Ist also eine Erhöhung im Preis des Rohstoffs begleitet von einer bedeutenden Masse auf dem Markt vorhandner fertiger Ware, auf welcher Stufe der Vollendung immer, so steigt der Wert dieser Ware, und es findet damit eine Erhöhung im Wert des vorhandnen Kapitals statt. Dasselbe gilt für die in der Hand der Produzenten befindlichen Vorräte an Rohstoff etc. Diese Wertsteigerung kann den einzelnen Kapitalisten, oder auch eine ganze besondre Produktionssphäre des Kapitals, entschädigen oder mehr als entschädigen für den Fall der Profitrate, der aus der Preissteigerung des Rohstoffs folgt. Ohne hier auf die Details der Konkurrenzwirkungen einzugehn, kann jedoch der Vollständigkeit wegen bemerkt werden, daß 1. wenn die auf Lager befindlichen Vorräte von Rohstoff bedeutend sind, sie der am Produktionsherd des Rohstoffs entstandnen Preissteigerung entgegenwirken; 2. wenn die auf dem Markt befindlichen Halbfabrikate oder fertigen Waren sehr schwer auf dem Markt lasten, sie den Preis der fertigen Waren und des Halbfabrikats hindern, im Verhältnis zum Preis ihres Rohstoffs zu wachsen.

Umgekehrt beim Preisfall des Rohstoffs, der bei sonst gleichen Umständen die Profitrate erhöht. Die auf dem Markt befindlichen Waren, die noch in der Anfertigung begriffnen Artikel, die Vorräte von Rohstoff werden entwertet und damit der gleichzeitigen Steigerung der Profitrate entgegengewirkt.[122]

Je geringer z.B. am Ende des Geschäftsjahrs, zur Zeit wo der Rohstoff massenhaft neu geliefert wird, also bei Ackerbauprodukten nach der Ernte, die in der Produktionssphäre und auf dem Markt befindlichen Vorräte, desto reiner tritt die Wirkung einer Preisveränderung im Rohstoff hervor.

In unsrer ganzen Untersuchung wird ausgegangen von der Voraussetzung, daß Erhöhung oder Erniedrigung der Preise Ausdrücke von wirklichen Wertschwankungen sind. Da es sich hier aber um die Wirkung handelt, die diese Preisschwankungen auf die Profitrate hervorbringen, so ist es in der Tat gleichgültig, worin sie begründet sind; das hier Entwickelte gilt also ebenfalls, wenn die Preise steigen und fallen infolge nicht von Wertschwankungen, sondern von Einwirkungen des Kreditsystems, der Konkurrenz etc.

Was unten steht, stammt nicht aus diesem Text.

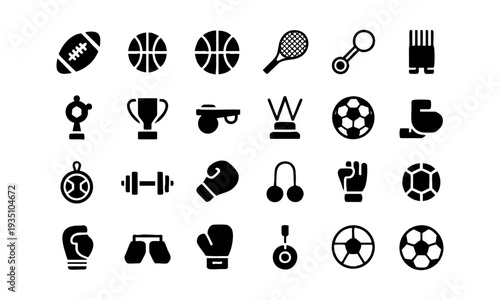 Solid black athletic activity glyph icon grid vector illustration, easily editable.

Da die Profitrate gleich ist dem Verhältnis des Überschusses des Werts des Produkts zum Wert des vorgeschoßnen Gesamtkapitals, so wäre eine Erhöhung der Profitrate, die aus einer Entwertung des vorgeschoßnen Kapitals hervorginge, mit Verlust an Kapitalwert verbunden, ebenso eine Erniedrigung der Profitrate, die aus Wertsteigerung des vorgeschoßnen Kapitals hervorginge, möglicherweise mit Gewinn.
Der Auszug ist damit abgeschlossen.